While some apparent circuit splits—like the difference in approach regarding observability—are perhaps more illusory than concrete, it is nevertheless the case that the in-flux status of the de minimis doctrine is resulting in an inconsistent application of copyright law across the circuits. The framework proposed by this note attempts to alleviate the confusion regarding the proper scope of the de minimis doctrine, while providing concrete prongs for its application.
Overall, a broad understanding of the de minimis doctrine has a proper role in copyright law as a defense against infringement, in accordance with copyright law’s central balancing act of encouraging creation without crossing a line into draconian over-restriction. A proper de minimis framework is not a mere technicality. It should affirmatively guard the gates of copyright law, ensuring that lawsuits go forward only if the copying at issue has improperly harmed what copyright law is meant to protect: the incentive structures that foster artistic creation. Principles of observability and trivial use are welcome judicial tools to filter out cases that do not surmount this bar.
While the de minimis doctrine should be applied broadly, it should also be applied rarely. De minimis should not be an easy workaround to a comparatively more difficult fair use inquiry. Both doctrines have unique roles within copyright law, serving different functions at different stages of analysis. Moreover, the de minimis doctrine should not turn establishing actionable copying into an onerous affair. Instead, de minimis should be used to dispose of the uncommonly raised “[q]uestions that never need to be answered,”125 which nevertheless sometimes find their way into courtroom doors.
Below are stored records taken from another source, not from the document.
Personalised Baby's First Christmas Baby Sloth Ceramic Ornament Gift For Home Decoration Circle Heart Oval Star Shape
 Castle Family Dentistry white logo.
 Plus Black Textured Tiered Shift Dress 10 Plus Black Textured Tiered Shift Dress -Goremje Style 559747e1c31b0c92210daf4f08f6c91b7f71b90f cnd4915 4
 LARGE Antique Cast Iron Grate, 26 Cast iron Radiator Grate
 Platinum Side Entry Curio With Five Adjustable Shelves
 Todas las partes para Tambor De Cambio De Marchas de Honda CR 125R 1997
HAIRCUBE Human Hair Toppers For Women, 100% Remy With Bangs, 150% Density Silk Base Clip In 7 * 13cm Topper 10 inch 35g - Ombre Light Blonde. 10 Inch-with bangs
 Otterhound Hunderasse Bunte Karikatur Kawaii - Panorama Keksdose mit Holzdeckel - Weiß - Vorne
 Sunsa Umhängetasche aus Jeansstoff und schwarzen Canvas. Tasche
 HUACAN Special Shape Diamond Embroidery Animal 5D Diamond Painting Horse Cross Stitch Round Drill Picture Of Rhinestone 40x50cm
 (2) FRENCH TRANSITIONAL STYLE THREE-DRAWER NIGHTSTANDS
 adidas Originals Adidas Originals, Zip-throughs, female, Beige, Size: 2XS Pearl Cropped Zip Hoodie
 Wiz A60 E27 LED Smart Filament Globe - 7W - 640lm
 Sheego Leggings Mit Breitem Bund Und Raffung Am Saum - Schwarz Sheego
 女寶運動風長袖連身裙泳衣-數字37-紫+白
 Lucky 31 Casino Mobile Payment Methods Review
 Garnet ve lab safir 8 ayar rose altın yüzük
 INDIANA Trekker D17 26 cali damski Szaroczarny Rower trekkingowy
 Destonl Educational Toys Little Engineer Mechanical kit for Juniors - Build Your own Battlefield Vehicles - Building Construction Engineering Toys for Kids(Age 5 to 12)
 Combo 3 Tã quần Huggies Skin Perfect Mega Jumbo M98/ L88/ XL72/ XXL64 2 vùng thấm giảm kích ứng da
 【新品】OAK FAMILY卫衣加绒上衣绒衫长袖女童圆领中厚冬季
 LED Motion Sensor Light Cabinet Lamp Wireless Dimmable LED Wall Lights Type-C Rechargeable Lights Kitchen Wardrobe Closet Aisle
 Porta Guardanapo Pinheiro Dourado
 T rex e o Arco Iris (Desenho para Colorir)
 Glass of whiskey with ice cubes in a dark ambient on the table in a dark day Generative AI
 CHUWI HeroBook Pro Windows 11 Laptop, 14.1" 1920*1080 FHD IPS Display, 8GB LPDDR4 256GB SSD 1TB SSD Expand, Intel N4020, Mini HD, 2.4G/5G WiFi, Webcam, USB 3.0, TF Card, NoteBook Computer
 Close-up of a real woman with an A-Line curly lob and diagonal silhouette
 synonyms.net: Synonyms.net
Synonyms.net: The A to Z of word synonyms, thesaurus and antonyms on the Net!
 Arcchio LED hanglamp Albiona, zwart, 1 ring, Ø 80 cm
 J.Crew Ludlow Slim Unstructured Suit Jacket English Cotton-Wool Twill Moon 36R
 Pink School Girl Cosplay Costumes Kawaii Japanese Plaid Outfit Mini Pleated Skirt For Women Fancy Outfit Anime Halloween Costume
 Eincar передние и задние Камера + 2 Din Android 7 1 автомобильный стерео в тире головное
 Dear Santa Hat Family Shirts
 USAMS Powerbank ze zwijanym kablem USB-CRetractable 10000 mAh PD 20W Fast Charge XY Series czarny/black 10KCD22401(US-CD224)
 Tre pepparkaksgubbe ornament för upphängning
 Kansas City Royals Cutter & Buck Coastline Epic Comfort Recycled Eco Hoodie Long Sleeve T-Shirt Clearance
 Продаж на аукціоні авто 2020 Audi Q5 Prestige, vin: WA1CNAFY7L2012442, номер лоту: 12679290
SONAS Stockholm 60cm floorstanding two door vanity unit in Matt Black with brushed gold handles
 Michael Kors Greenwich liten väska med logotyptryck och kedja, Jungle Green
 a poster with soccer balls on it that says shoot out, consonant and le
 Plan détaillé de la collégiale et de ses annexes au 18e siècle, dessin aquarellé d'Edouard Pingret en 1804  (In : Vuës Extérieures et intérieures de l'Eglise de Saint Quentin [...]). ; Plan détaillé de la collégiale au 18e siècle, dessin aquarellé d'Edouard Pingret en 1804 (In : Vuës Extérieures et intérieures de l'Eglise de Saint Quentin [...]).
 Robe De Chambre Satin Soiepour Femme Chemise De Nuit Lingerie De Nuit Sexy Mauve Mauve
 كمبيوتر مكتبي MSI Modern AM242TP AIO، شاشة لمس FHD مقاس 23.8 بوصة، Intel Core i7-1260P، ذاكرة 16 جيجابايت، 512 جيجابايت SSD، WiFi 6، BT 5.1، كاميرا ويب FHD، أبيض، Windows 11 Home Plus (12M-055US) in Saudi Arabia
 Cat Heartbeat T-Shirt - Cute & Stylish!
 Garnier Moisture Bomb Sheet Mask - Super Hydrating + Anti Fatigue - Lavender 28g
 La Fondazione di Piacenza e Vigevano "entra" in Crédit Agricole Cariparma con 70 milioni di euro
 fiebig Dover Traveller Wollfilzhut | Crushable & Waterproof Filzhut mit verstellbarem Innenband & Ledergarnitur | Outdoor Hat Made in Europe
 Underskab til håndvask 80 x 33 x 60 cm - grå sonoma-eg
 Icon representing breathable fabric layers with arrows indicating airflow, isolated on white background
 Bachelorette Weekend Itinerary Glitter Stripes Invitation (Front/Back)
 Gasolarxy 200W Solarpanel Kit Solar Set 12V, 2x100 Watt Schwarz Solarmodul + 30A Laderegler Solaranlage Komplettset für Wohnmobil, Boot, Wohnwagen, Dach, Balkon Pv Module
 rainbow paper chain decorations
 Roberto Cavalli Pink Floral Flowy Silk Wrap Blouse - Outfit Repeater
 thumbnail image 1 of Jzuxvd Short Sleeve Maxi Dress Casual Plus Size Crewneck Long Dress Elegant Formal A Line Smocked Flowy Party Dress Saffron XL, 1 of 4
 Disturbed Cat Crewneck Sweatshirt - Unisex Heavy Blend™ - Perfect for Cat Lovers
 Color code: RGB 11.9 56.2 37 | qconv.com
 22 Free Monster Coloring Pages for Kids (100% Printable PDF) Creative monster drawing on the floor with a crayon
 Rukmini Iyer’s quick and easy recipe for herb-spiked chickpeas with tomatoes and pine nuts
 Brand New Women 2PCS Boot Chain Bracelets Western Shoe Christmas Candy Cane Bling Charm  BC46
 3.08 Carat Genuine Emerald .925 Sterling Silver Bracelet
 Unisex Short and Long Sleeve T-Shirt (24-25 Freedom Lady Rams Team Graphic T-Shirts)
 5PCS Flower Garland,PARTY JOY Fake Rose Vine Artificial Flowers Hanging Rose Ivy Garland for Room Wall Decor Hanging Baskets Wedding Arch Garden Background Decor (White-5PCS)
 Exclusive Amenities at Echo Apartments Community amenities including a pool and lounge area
Unfortunately, the only ways to definitively harmonize the interrelated concepts of substantial similarity, legal copying, and de minimis use across the circuits are (a) for Congress to amend the Copyright Act, or (b) for the Supreme Court to rule on the correct application of copyright law. Neither possibility seems especially likely. Courts should therefore take it upon themselves to expand their understanding of the de minimis doctrine in copyright law to properly account for the its full scale and scope. In the meantime, it is useful to clarify the doctrine by understanding exactly where and how its fault lines manifest, so that plaintiffs in different circuits are aware of their obligations and defendants are aware of the protections afforded to them.